● Problem details:
Return every entry exactly as written, with the pictures removed.

● Material provided:
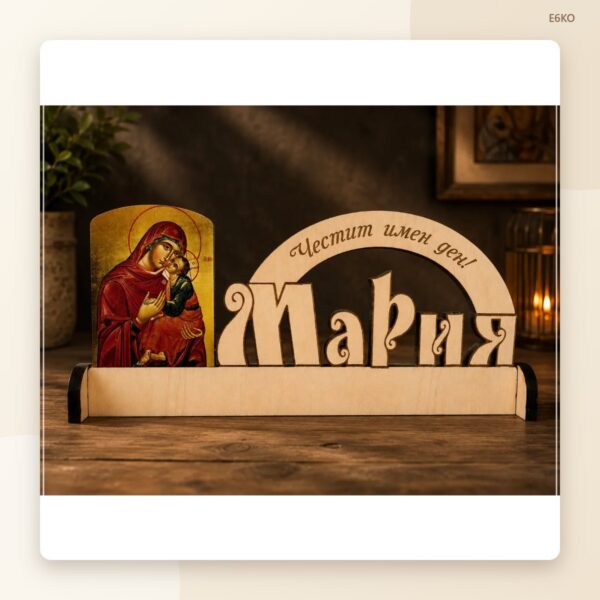 Сувенир за имен ден „Мария“ Сувенир за имен ден „Мария“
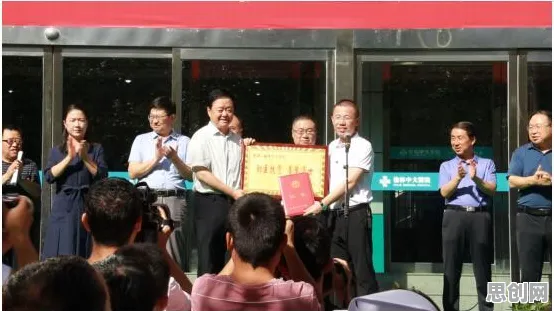 从互联网医院兴起看智能医疗系统的发展趋势和未来方向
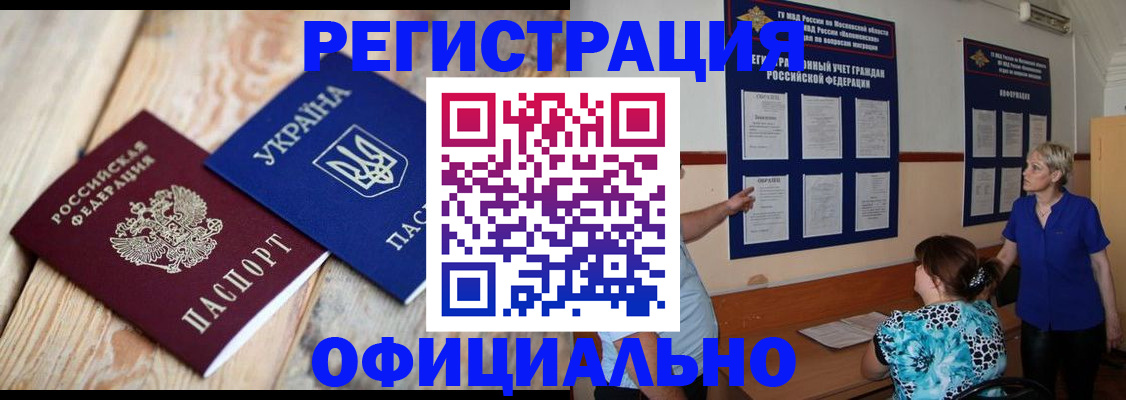 купить прописку в Советской Гавани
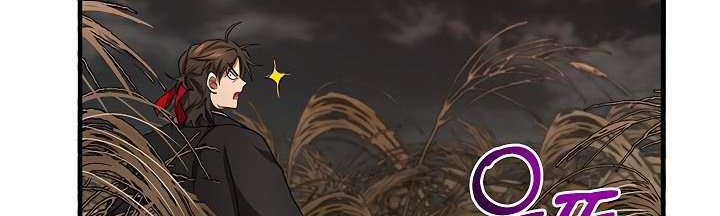 Mudang Association Chapter 36 Gambar 17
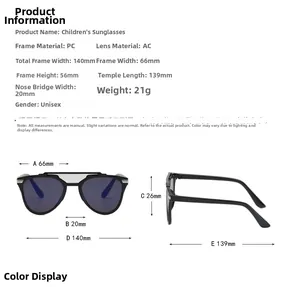 Detailed size chart for children's pilot sunglasses with PC frame and AC lens dimensions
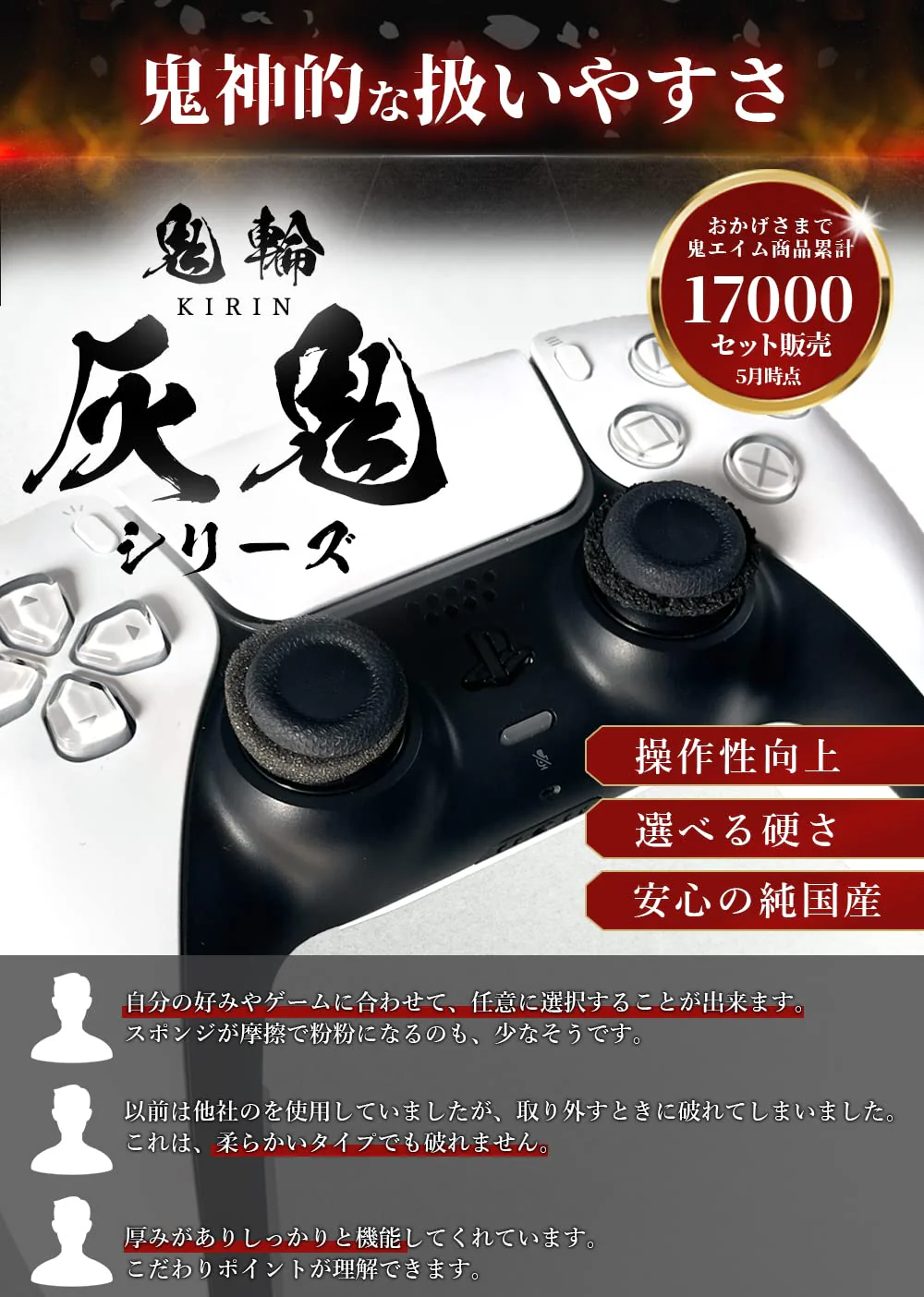 Oni Aim Gray Oni Controller Aim Enhancer Ring for PS4 PS5 Switch Hard Set of 6 - Image 2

● Exercise output:
 Сувенир за имен ден „Мария“ Сувенир за имен ден „Мария“
 从互联网医院兴起看智能医疗系统的发展趋势和未来方向
 купить прописку в Советской Гавани
 Mudang Association Chapter 36 Gambar 17
 Detailed size chart for children's pilot sunglasses with PC frame and AC lens dimensions
 Oni Aim Gray Oni Controller Aim Enhancer Ring for PS4 PS5 Switch Hard Set of 6 - Image 2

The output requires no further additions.